In the film sequel Fullmetal Alchemist the Movie: Conqueror of Shamballa, Alphonse continues searching for his brother until learning that he is in a parallel world. With help from the homunculus Wrath, Alphonse opens the gate to the parallel world, but at the same time causes a soldier named Dietline Eckhart, who is from the parallel world, to start attacking Amestris. Joining forces with Edward, Alphonse defeats Eckhart and decides to stay with his brother to live in the parallel world.

===In other media===
Aside from the initial anime and manga, Alphonse appears in almost all the Fullmetal Alchemist original video animations (OVAs). In the first one, he appears as a chibi version of himself at the movie's wrap-up party, and in the fourth OVA, he plays a part in the battle against the homunculi. Alphonse also appears in all Fullmetal Alchemist video games on all platforms, which feature his and Ed's journey to find the Philosopher's Stone. In the film The Sacred Star of Milos Alphonse goes with his brother to search for the criminal Melvin Voyager who broke free from a prison in their country. Makoto Inoue's Fullmetal Alchemist light novels also feature the Elrics' journey, but in all of them they encounter different characters to those from the video games. Two character CDs with tracks based on Alphonse were released under the name of Hagaren Song File – Alphonse Elric (Hagaren Song File - アルフォンス・エルリック) and Theme of Alphonse Elric. The tracks from the CD are performed by Alphone's Japanese voice actress, Rie Kugimiya. He is also featured in several of the Fullmetal Alchemist Trading Card Games.

==Creation and conception==
In a prototype from the series, Alphonse's soul was sealed in a flying squirrel instead of armor as a result of human transmutation. He appeared as the brother to the other protagonist, Edward, in their searching for a way to recover their bodies. To match the designs from the manga magazine Monthly Shōnen Gangan, the two characters were redesigned. Alphonse was given a huge suit of armor to contrast him with Edward's short stature. Since Alphonse mostly appears with his armor, Arakawa tends to make sketches of his human form so that she would not forget how to draw him. Some events from the Elrics' lives are social problems she integrated into the plot. Their journey across the country to help people is meant to gain an understanding of the meaning of family. As Alphonse is mostly seen with his armor, during various chapters from the manga Arakawa was unable to draw him crying. During Chapter 40, Arakawa saw his conversation with Edward as a way to let him express his feeling and to make him appear as though he is crying. When comparing the two brothers during the time Alphonse obtained the ability to use alchemy without a circle like Edward, Arakawa stated nobody was better at alchemy as the two had different preferences in the same way as other alchemists appearing in the series. When making omakes, Arakawa tends to draw Alphonse doing something comical to contrast him with the other characters. She states that she does it because Alphonse may enjoy making fun of other people.
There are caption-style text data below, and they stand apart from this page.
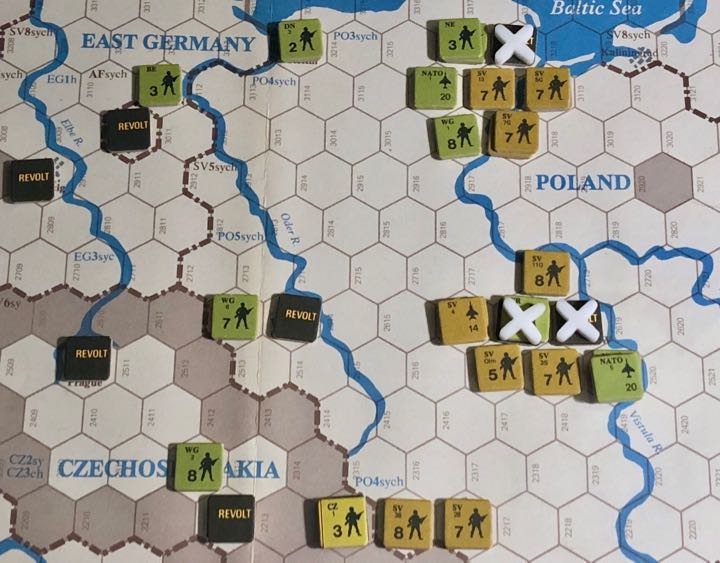 Revolt in the East, Turn 10, Soviet Encirclements around Warsaw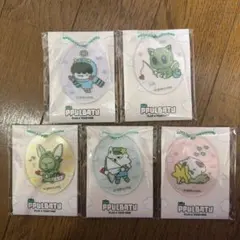 プルバトゥ アクリルチャーム全5種TXT ppulbatu ファミマ限定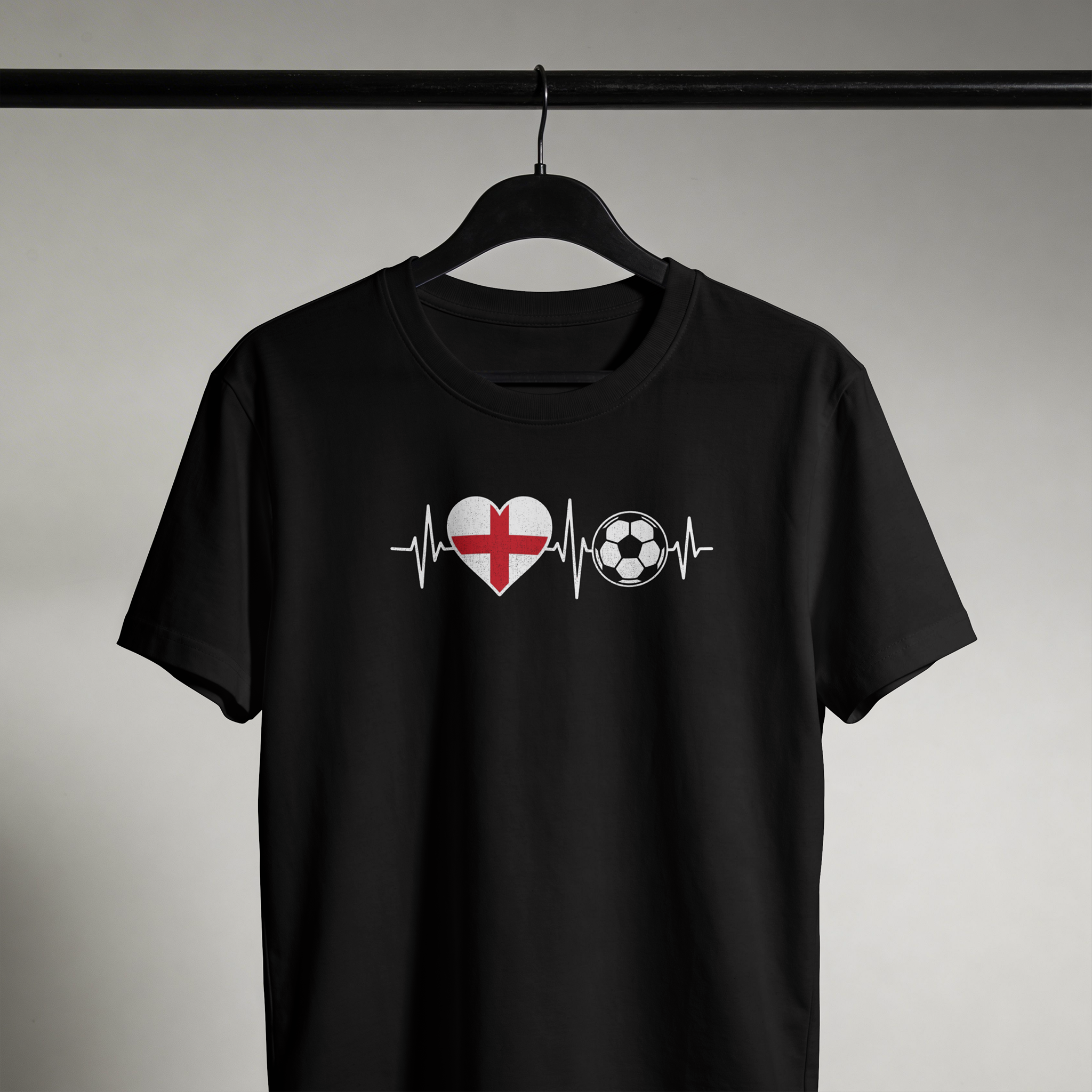 England Football Heartbeat Tee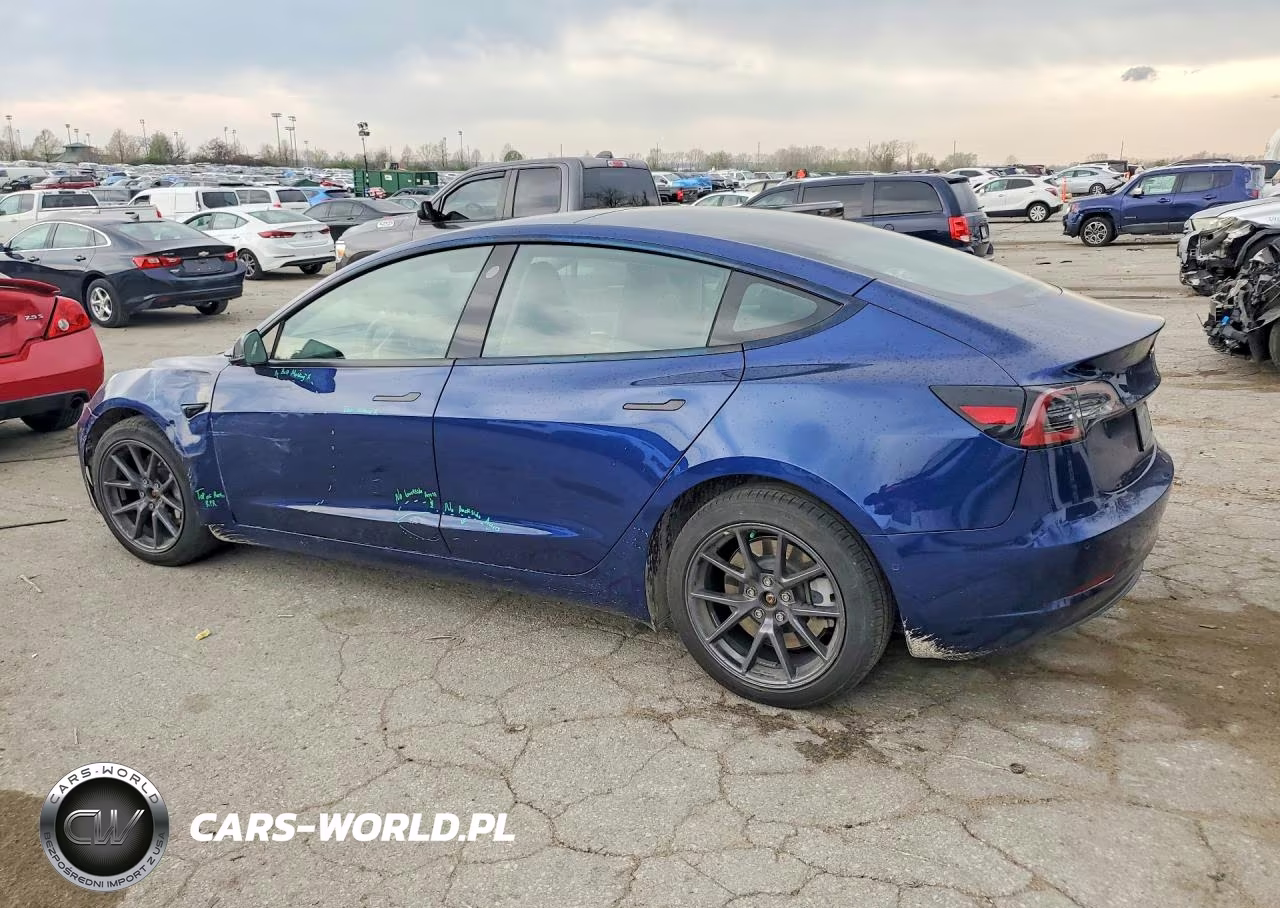 2022 Tesla Model 3 VIN:5YJ3E1EB8NF180478 - 2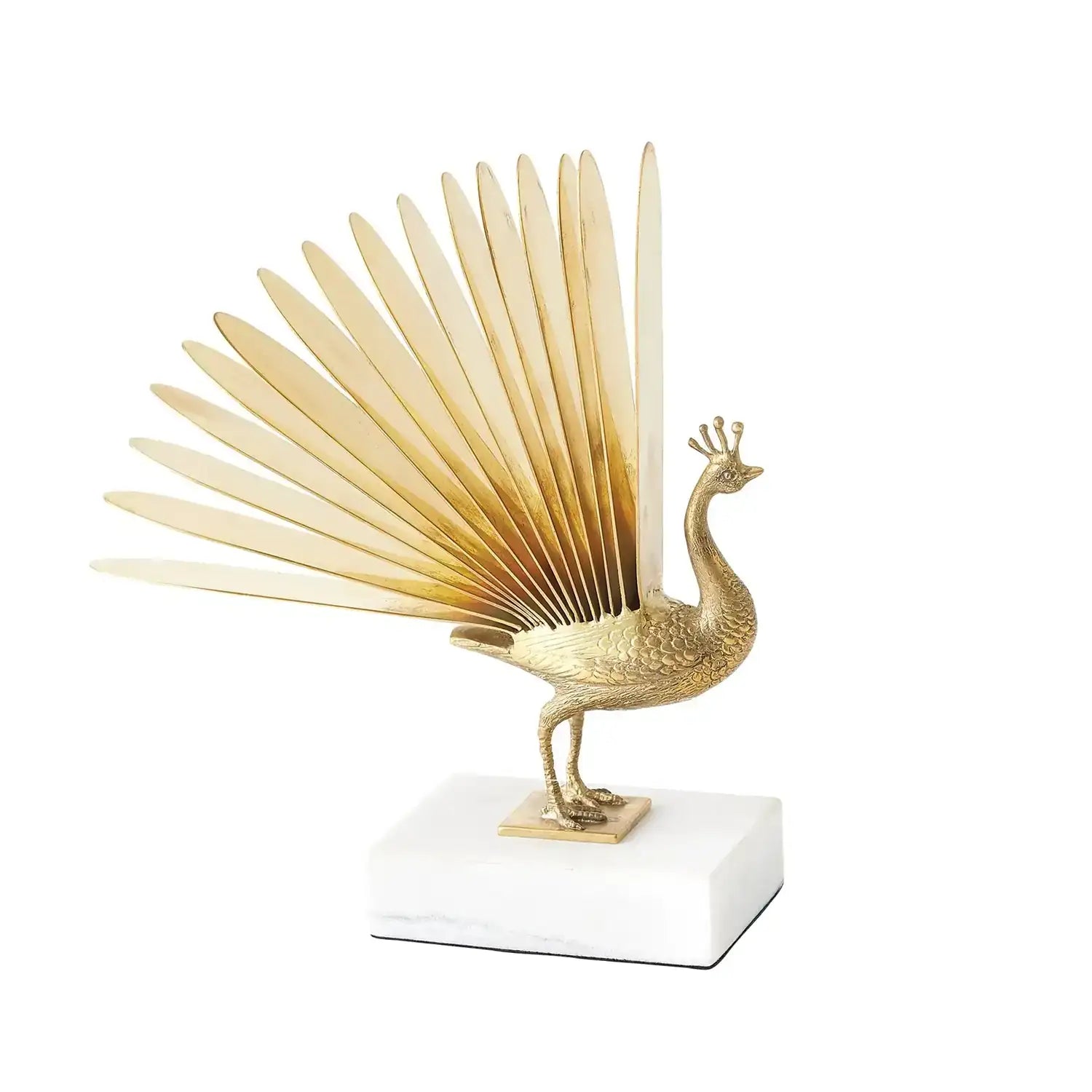 GLOBAL VIEWS PAVONA SCULPTURE - Decorative Accents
In the Japanese animated adaptations of Fullmetal Alchemist, Alphonse was voiced by Rie Kugimiya. For the English version, Aaron Dismuke took the role for the first anime, Conqueror of Shamballa and some of the OVAs. He has found Alphonse to be his favorite character, and likes the way he "sticks up for people". He also said that he tries to be like Alphonse when voicing him, though he added, "I don't really see a lot of myself in him". In Fullmetal Alchemist: Brotherhood, Dismuke was replaced by Maxey Whitehead, as Dismuke's voice had changed with age. For the live-action film, Alphonse's armor was made in CGI. Arakawa herself expressed surprise when seeing the final product.

==Reception==
In popularity polls from the manga made by Monthly Shōnen Gangan, Alphonse was initially ranked in the third place, while later polls placed him fourth. He has also been highly ranked in the Animages Anime Grand Prix polls in the category of best male characters in both 2004. Merchandise based on Alphonse's appearance, including figurines, keychains and plush toys, has been marketed. UGO Networks listed one of his statues tenth in their article of "Insanely Expensive Comic Book Collectibles We'd Blow Our Wad On."

Several publications for manga, anime, and other pop culture media have both praised and criticized Alphonse's character. Chis Beveridge from Mania Entertainment has praised Alphonse for being "quite the likeable character" and liked his role in the first series. The character's madness and disbelief over his own existence has been praised; Beveridge said it "could make up a series all by itself." In a later volume review, Beveridge said the series' change of focus to Alphonse "as an actual young boy" was "a nice change of pace." T.H.E.M. Anime Reviews' Samuel Arbogast wrote that the interaction between the Elric brothers as they travel is interesting and that Alphonse's armor was of the most notable characters designs from the series. The brothers were also noted to "becoming men" by Active's Anime Holly Ellingwood after the first appearance of Van Hohenheim in the manga as the two investigate ways to recover their bodies. Lydia Hojnacki said Alphonse's character is as important as his brother to the series after commenting on Edward as she considered Alphonse to be Edward's yang.

Rebecca Silverman from Anime News Network praised Alphonse's development in the manga, especially where he refuses to recover his weakened body and instead helps his friends. As a result, Silverman brought a comparison between the two brothers and wondered whether Edward would have done the same. Chris Beveridge found the character's growth in Conqueror in Shamballa appealing as he starts visually resembling Edward. When reviewing the video game Fullmetal Alchemist and the Broken Angel, RPGFan's Neal Chandran enjoyed the dynamic between the main characters both in fights as well as dialogues. After Aaron Dismuke's voice matured, Anime News Network writer Justin Sevakis criticized him for his part in the Fullmetal Alchemist: Premium OVA Collection, writing that "he simply no longer sounds like Alphonse".